Par Sabine Manigat

L'OEA veut faire peau neuve en Haïti. Les signes sont nombreux et divers de cette intention manifestée par l'organisation hémisphérique d'occuper un espace plus important dans l'accompagnement d'Haïti, pour reprendre l'expression actuellement consacrée en matière d'aide au développement. Le secrétaire général José Miguel Insulza est de toutes les réunions, larges et plus restreintes, sur Haïti. Et il parle en traceur de voies et en orienteur. Le secrétaire général adjoint, Robert Ramdin, a séjourné dans le pays durant 24 heures pour annoncer la couleur en tant que président d'un groupe de travail sur Haïti récemment créé par l'organisation. Parmi les nombreux domaines dans lesquels l'OEA veut apporter sa contribution, on relève, dans le seul champ des institutions de l'État, la mise sur pied du Conseil électoral permanent et la modernisation de l'État civil (Le Matin du 20 mars). Il s'agit là de vastes et ambitieux dossiers qui ne laissent aucun doute sur la volonté de l'organisation de s'affirmer dans le pays. Par ailleurs, des remaniements discrets, des changements et des nominations opérés en coulisse ou annoncés au sein du bureau d'Haïti renforcent encore l'impression.

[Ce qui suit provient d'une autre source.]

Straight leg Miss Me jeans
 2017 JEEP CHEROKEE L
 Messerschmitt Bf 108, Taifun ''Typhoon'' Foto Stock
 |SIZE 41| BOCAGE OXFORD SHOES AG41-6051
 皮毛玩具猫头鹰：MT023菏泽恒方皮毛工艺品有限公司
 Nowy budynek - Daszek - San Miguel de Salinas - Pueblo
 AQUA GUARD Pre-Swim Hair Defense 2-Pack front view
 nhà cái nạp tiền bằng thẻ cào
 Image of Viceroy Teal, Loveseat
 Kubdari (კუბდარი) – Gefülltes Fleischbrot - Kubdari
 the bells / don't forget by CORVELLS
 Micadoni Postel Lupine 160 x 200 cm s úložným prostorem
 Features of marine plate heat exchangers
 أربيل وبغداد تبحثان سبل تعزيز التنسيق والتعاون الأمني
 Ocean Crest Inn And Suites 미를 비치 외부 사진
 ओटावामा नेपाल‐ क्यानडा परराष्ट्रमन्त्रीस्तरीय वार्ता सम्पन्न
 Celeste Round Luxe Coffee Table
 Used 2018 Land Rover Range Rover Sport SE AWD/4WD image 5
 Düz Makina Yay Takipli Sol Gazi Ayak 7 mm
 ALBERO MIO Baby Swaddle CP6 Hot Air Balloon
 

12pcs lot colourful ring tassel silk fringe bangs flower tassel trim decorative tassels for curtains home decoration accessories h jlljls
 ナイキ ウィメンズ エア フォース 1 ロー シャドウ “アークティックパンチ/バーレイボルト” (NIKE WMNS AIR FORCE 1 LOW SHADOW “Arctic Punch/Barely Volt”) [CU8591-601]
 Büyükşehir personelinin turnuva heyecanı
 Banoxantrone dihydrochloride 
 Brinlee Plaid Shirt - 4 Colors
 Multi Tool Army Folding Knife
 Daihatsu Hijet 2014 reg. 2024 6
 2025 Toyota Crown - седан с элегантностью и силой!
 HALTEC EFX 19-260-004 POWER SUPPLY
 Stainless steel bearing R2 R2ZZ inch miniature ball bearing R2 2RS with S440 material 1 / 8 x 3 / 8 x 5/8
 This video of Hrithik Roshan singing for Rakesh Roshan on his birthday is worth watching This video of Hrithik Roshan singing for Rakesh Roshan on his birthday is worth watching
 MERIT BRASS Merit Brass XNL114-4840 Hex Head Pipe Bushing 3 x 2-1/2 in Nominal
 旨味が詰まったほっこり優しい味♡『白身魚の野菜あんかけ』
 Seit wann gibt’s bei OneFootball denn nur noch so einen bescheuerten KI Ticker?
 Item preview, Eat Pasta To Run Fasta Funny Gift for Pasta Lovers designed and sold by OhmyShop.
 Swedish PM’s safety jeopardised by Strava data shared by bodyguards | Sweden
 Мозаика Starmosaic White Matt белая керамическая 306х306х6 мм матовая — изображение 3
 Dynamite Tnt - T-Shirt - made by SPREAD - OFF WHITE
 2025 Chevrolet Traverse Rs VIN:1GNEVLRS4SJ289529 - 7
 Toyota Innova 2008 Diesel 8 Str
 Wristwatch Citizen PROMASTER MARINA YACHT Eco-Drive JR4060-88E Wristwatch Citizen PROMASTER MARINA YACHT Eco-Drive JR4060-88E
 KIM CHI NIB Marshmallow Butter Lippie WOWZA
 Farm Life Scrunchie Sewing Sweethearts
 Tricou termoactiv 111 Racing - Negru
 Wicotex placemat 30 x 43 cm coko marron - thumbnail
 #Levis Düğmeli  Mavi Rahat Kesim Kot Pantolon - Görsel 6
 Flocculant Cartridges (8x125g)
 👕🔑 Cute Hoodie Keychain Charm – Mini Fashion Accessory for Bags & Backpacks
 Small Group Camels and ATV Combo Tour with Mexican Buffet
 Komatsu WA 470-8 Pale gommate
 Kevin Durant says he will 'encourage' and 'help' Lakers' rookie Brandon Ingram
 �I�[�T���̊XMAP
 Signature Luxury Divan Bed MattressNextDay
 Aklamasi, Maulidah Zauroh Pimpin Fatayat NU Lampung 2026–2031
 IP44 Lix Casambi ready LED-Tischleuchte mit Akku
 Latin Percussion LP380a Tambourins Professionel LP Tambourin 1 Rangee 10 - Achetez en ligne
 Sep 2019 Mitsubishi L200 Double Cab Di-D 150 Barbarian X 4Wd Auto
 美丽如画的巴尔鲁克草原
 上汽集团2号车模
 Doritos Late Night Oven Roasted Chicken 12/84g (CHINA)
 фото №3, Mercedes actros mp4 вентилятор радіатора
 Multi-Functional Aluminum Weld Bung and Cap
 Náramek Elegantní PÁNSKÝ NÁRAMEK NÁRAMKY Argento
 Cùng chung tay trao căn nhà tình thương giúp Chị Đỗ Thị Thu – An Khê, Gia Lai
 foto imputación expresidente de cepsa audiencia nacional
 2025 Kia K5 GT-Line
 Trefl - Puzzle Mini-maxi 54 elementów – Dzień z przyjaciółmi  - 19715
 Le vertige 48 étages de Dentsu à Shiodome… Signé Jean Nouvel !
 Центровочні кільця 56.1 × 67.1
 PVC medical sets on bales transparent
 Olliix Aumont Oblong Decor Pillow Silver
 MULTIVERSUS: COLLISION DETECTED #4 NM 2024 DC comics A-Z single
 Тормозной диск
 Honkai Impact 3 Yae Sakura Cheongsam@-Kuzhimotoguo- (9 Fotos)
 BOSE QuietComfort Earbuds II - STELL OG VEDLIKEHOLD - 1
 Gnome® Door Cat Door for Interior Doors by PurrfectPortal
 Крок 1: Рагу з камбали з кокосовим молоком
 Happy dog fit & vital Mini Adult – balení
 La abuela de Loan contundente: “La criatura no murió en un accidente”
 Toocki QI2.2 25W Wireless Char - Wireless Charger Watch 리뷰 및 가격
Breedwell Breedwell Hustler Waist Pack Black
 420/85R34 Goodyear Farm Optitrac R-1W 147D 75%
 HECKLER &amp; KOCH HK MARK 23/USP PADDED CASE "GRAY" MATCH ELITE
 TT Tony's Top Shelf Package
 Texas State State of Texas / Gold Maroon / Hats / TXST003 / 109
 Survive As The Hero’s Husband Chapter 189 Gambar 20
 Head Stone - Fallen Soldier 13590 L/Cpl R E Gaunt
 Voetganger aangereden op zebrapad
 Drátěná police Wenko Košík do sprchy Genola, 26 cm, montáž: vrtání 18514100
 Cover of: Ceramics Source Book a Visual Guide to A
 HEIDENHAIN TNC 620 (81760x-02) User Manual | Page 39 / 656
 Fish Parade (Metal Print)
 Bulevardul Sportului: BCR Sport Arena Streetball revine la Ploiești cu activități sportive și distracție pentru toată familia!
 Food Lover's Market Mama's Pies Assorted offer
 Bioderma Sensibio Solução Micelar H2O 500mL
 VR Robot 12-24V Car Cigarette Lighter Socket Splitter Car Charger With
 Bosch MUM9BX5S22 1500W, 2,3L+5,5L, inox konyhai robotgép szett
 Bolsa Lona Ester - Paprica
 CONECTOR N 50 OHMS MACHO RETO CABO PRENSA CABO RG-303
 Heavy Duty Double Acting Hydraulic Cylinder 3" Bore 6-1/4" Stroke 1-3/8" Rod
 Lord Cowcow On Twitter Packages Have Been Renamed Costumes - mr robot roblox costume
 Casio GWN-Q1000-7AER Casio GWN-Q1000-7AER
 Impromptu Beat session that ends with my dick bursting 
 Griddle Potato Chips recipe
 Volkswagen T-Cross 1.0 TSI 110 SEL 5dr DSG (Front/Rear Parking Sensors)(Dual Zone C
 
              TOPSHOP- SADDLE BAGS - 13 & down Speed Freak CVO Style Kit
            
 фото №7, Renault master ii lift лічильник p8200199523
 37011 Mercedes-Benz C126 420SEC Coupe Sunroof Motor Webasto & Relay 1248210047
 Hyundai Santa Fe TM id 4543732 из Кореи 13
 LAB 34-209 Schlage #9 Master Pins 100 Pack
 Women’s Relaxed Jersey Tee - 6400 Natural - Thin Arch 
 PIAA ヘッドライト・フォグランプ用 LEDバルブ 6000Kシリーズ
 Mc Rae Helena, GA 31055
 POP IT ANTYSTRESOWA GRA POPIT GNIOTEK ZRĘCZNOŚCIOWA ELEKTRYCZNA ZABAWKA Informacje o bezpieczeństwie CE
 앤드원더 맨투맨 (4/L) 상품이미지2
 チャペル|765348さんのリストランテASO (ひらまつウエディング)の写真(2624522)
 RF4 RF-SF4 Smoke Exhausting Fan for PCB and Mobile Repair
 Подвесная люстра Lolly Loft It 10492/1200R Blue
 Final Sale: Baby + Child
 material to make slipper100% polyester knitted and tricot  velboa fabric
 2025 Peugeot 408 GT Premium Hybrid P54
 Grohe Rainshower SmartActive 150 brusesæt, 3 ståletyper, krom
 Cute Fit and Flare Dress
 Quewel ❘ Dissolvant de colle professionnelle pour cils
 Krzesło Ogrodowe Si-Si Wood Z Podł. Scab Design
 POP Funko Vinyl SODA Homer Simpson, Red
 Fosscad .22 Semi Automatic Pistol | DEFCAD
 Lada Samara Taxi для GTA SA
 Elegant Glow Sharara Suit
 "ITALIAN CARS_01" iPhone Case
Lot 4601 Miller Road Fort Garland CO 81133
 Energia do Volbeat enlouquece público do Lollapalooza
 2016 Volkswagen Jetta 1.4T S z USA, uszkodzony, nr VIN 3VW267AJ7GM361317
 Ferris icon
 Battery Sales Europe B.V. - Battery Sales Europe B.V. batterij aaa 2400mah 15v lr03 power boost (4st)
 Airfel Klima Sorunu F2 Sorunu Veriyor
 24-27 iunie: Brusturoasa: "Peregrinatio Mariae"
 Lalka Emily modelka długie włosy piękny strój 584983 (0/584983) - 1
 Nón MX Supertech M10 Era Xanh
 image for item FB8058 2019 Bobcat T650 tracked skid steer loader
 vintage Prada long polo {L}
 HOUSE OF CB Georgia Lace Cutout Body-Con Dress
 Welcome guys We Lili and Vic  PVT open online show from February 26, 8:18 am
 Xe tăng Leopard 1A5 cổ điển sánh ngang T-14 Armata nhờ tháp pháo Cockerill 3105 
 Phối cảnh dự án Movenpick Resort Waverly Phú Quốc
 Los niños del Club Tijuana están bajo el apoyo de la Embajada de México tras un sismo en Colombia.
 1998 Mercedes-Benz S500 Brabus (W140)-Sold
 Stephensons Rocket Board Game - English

D'un point de vue rétrospectif, ou historique, c'est un long et sinueux parcours qui a mené l'OEA au positionnement qui est aujourd'hui le sien. Que l'on songe seulement à ce que cette organisation a représenté durant les années soixante et soixante-dix en particulier, pour l'ensemble des forces politiques progressistes. C'était la peste, l'arène de l'impérialisme, le valet des États-Unis, et j'en passe. Il faut dire que l'expulsion de Cuba en 1961 a scellé ce profil pour des générations de militants et de personnalités politiques. Je ne risquerai pas de comparaison avec d'autres institutions continentales, faute d'informations fiables, mais je peux avancer que, pour de nombreux secteurs de l'opinion latino-américaine, l'action de l'OEA dans la région a longtemps été perçue comme « réac », au contraire de celle de l'Onu que l'on campait comme plus démocratique, plus progressiste.

Puis sont venues les années quatre-vingt dix, l'ère dite de l'après mur de Berlin. C'est aussi l'époque de l'adoption par l'OEA de positions explicitement définies de défense et de promotion de la démocratie représentative avec, en tête de son agenda, la défense des gouvernements issus d'élections légitimes et l'adoption d'un programme d'aide au développement plus consistant qu'auparavant. Mais l'organisation n'en conserve pas moins un profil bas dans la crise haïtienne. On se souviendra de la Micivih qu'elle a conformé avec les Nations unies. Par ailleurs le Bureau de l'organisation en Haïti a toujours été très modestement équipé, en personnel et en programme.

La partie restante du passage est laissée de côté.